Hey there, my name is Tracey. I’m the editor-in-chief here at Rural Sprout.

Many of our readers already know me from our popular Sunday newsletters. (You are signed up for our newsletters, right?) Each Sunday, I send a friendly missive from my neck of the woods in Pennsylvania. It’s a bit like sitting on the front porch with a friend, discussing our gardens over a cup of tea.

Originally from upstate NY, I’m now an honorary Pennsylvanian, having lived here for the past 18 years.

I grew up spending weekends on my dad’s off-the-grid homestead, where I spent much of my childhood roaming the woods and getting my hands dirty.

I learned how to do things most little kids haven’t done in over a century.

Whether it was pressing apples in the fall for homemade cider, trudging through the early spring snows of upstate NY to tap trees for maple syrup, or canning everything that grew in the garden in the summer - there were always new adventures with each season.

As an adult, I continue to draw on the skills I learned as a kid. I love my Wi-Fi and knowing pizza is only a phone call away. And I’m okay with never revisiting the adventure that is using an outhouse in the middle of January.

These days, I tend to be almost a homesteader.

I take an eclectic approach to homesteading, utilizing modern convenience where I want and choosing the rustic ways of my childhood as they suit me.

I’m a firm believer in self-sufficiency, no matter where you live, and the power and pride that comes from doing something for yourself.

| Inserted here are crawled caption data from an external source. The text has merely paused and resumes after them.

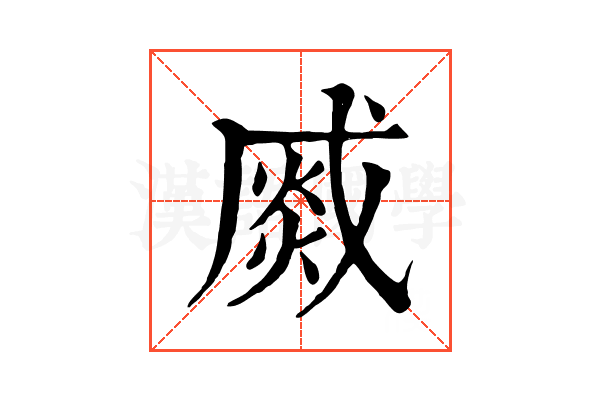 𤋆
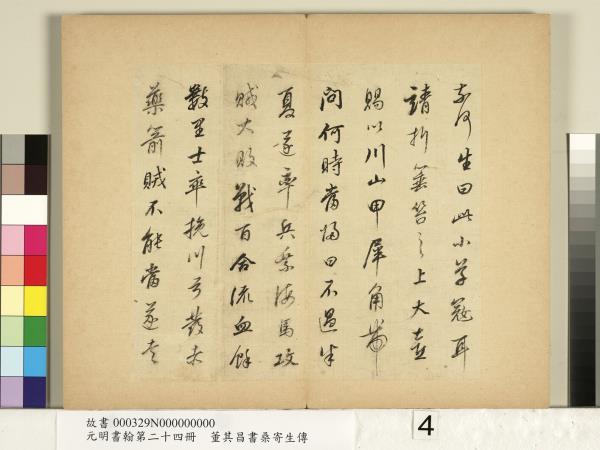 元明書翰第二十四冊　冊　董其昌書桑寄生傳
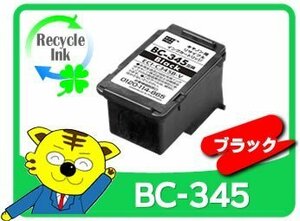 1年保証付 キヤノン用 BC-345 リサイクルインクカートリッジ ブラック エコリカ ECI-C345B-V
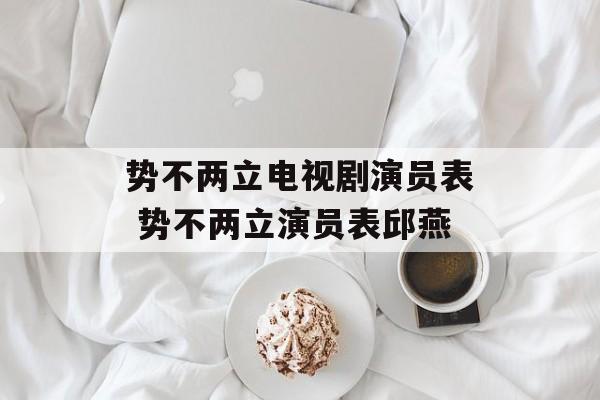 势不两立电视剧演员表 势不两立演员表邱燕-第1张图片-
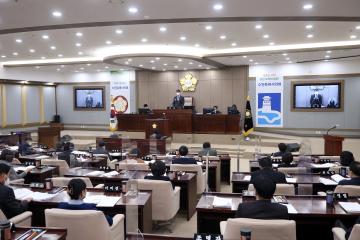 20220121 제364회 수원시의회 임시회 제2차 본회의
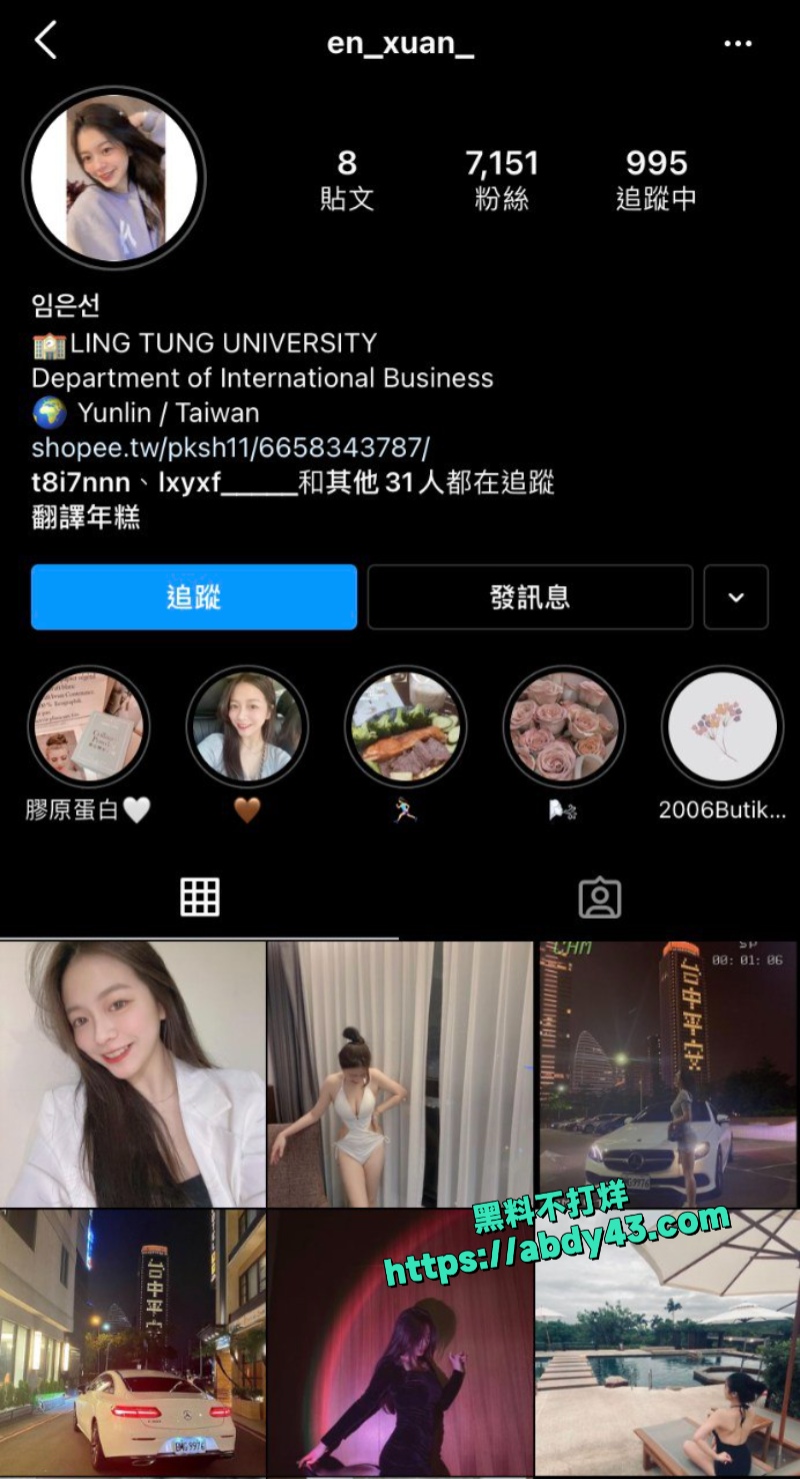 巨乳网红 1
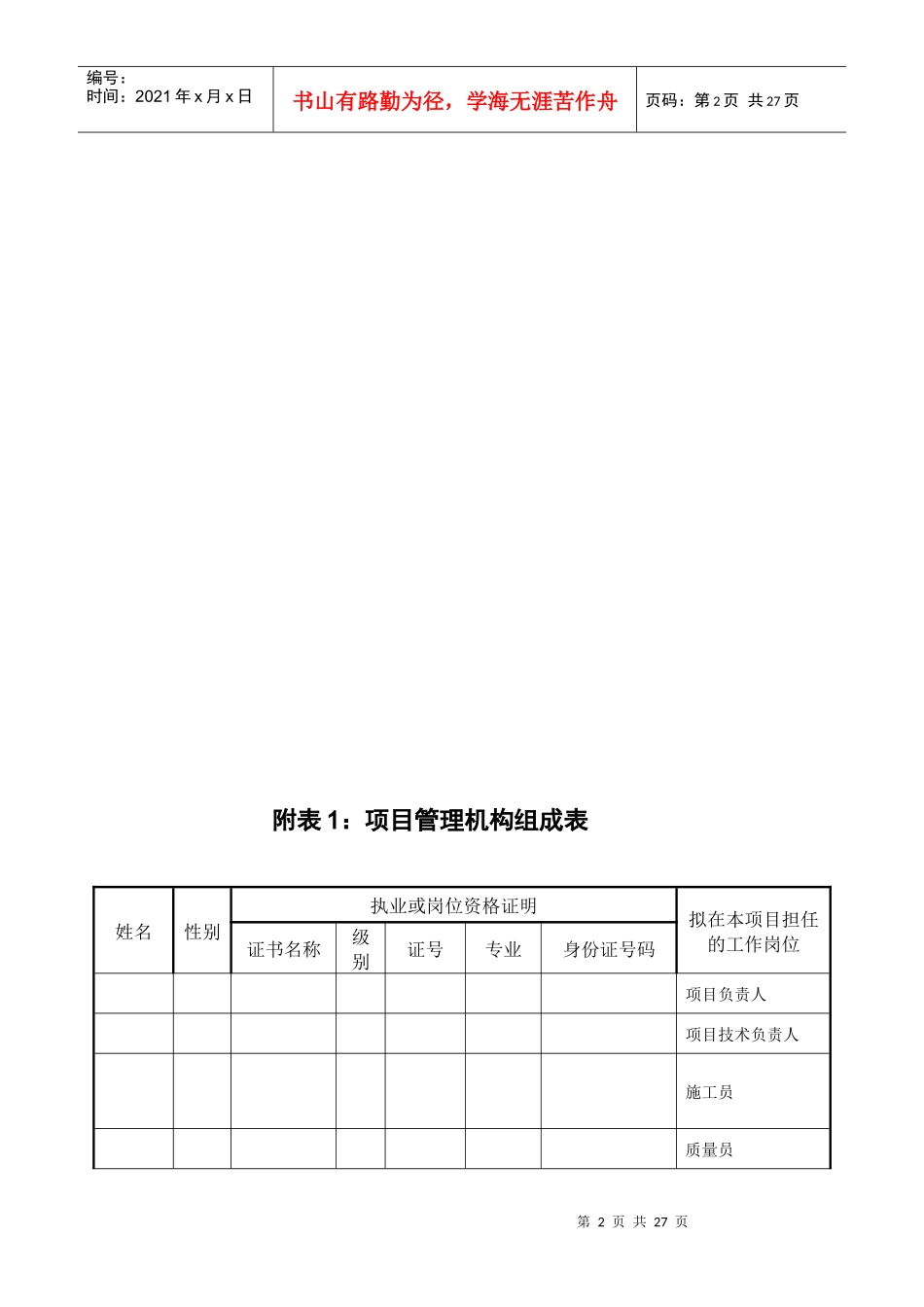 电缆敷设施工组织设计_第2页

I’ve always had a garden, even when the only space available was the roof of my apartment building. I’ve been knitting since age seven, and I spin and dye my own wool as well. If you can ferment it, it’s probably in my pantry or on my kitchen counter. And I can’t go more than a few days without a trip into the woods looking for mushrooms, edible plants, or the sound of the wind in the trees.